— What the task requires —
Please give the lines below again exactly as they stand, from the one that contains "5000 Puffs Dolphin" up to and including the one that contains "Vivienne Westwood Franca Earrings 袖珍澳寶土星耳環", leaving all pictures out.

— Data extract —
+++

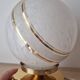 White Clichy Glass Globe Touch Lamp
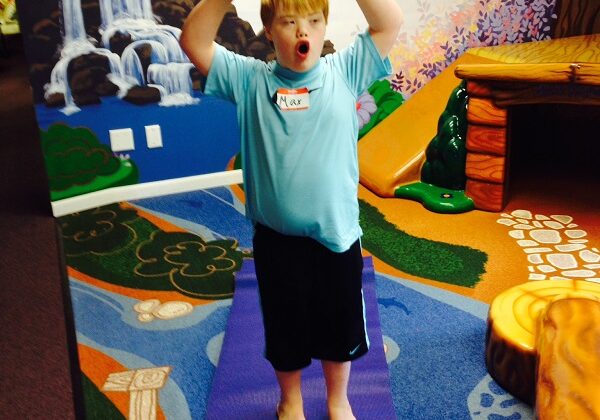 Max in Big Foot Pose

+++

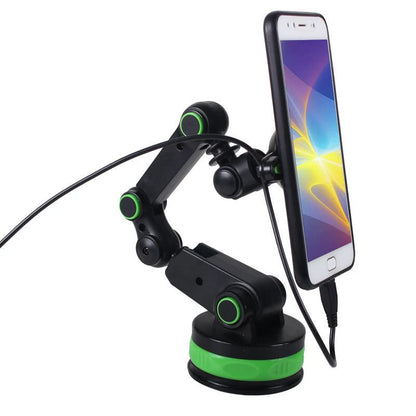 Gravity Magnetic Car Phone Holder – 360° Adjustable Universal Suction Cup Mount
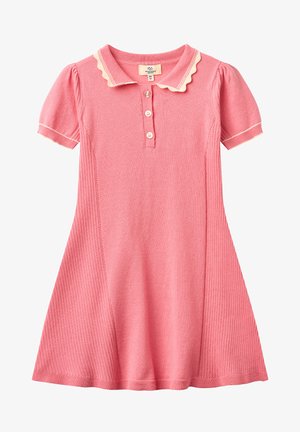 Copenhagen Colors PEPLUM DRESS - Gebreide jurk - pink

+++

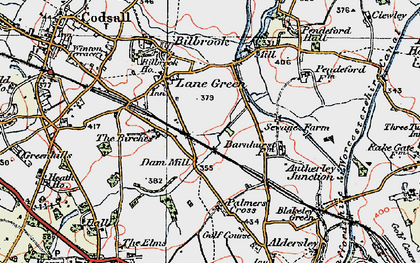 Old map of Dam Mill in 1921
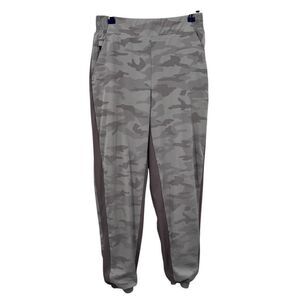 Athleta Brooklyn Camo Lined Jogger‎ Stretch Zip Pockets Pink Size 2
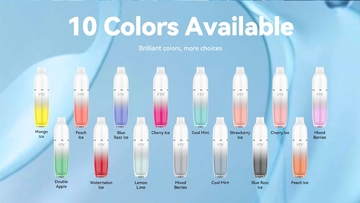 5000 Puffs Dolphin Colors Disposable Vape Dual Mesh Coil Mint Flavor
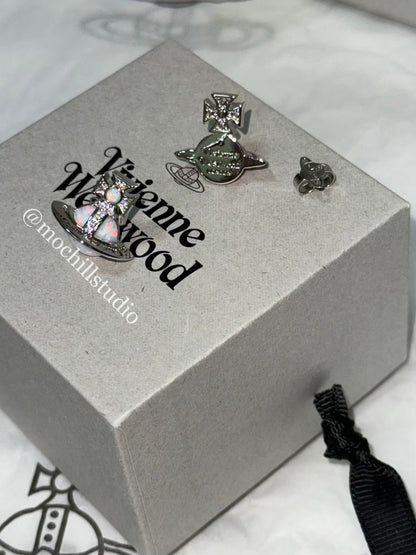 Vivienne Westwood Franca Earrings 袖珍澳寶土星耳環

+++

— Exercise solution —
 5000 Puffs Dolphin Colors Disposable Vape Dual Mesh Coil Mint Flavor
 Vivienne Westwood Franca Earrings 袖珍澳寶土星耳環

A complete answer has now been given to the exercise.